PARIS’s DRIVING RESTRICTION
Paris also tried this method of reducing the air pollution, but only for a certain period. These methods were the temporary measures when pollution went beyond a critical level. The recent such restriction was put just for a day in the month of March 2015 and had been put twice before.
What can be observed from the above models is that though they had, in some situations, bore sweet fruits but were on the huge costs, which compelled the respective governments to change its policy and switch to other method of achieving the required goal i.e. reduction of air pollution. Since the above models are based on the condition and requirement of the respective country/city, it would be prudent to analyze, in the following heads, few peripheral challenges which the Indian capital may face during implementation of such kind of policy.
There are peripherally 5 issues which shall be kept in mind during the implementation of this restriction/regulation, namely:
- Medical reasons.
The critics question the policy on the situation when there is a medical emergency on odd day and such emergency vehicle had even number plate.
- Woman protection issues.
The policy is also questioned on the women related issues.

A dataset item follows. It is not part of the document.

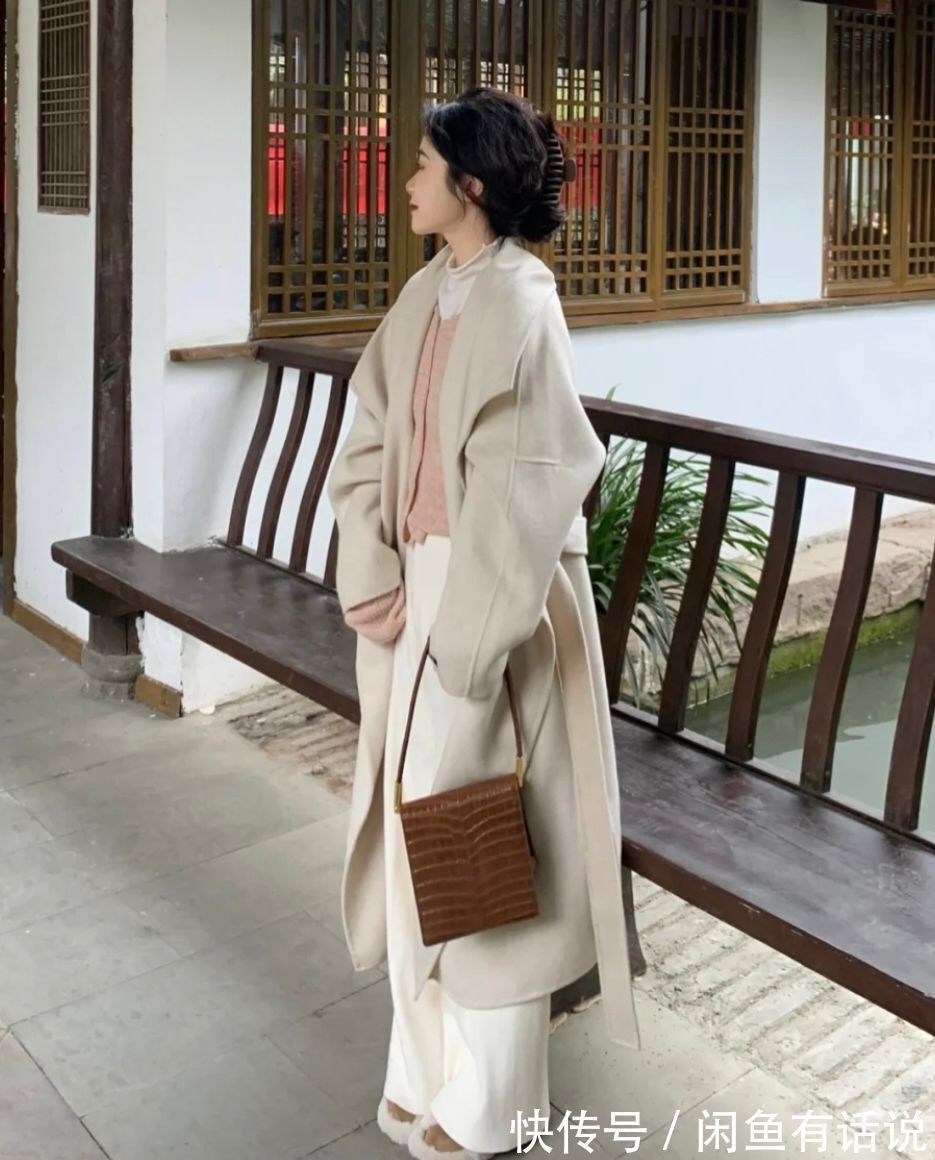 穿搭|怪不得女人都不穿打底裤了,今年流行“牛奶裤”,配大衣好时髦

Take for instance, a situation where a woman who uses her registered even number vehicle and does the late night shifts, on odd days how her protection shall be maintained during night shifts. She will have to resort public transport which at least at present is not so safe alternative.
- Issues relating to differently abled people.
Suppose some differently-abled person owns one registered vehicle which he/she uses for his/her transportation. How he/she shall manage himself/herself when such policy comes into force.
- Issues relating to school kids and their parents.
The issue concerning school kids are that there are students who do not use school transport facility and are totally dependent on their private vehicles. The management of this issue is also of prime importance.
- Commercial vehicle issues.
There are huge number of commercial vehicle drivers who drive their private vehicle to earn their bread and butter on day-to-day basis. This policy will make them to not to use their registered odd numbered vehicle on the even day, for instance. This will not only result in the reduction on number of taxis available, which may act as an alternative to private vehicle, but might also hamper the daily earning of poor drivers who are totally dependent on everyday earnings.
It should be noted that the government of Delhi has so far not issued any rules or set guidelines regarding this policy, instead it just had declared its intention to bring such rules from January 1st, 2016. Delhi being world’s second largest populated capital city in the world after Tokyo and to check whether a city with such population will be able to manage its affairs or not, government had proposed that the said rules/regulation will be an emergency measure and shall be working for few days i.e. for 15 days only.
The critics have already started criticizing the policy and now everybody’s eye is on 25th of this month when government will bring out its drafted policy on the issue. Government has already created a three member committee for dealing with the challenges and everybody is hoping for a successful implementation because if this does not happen, then the city may turn chaotic and in the light of the scenario of increasing pollution, it will be important to look for some other alternative.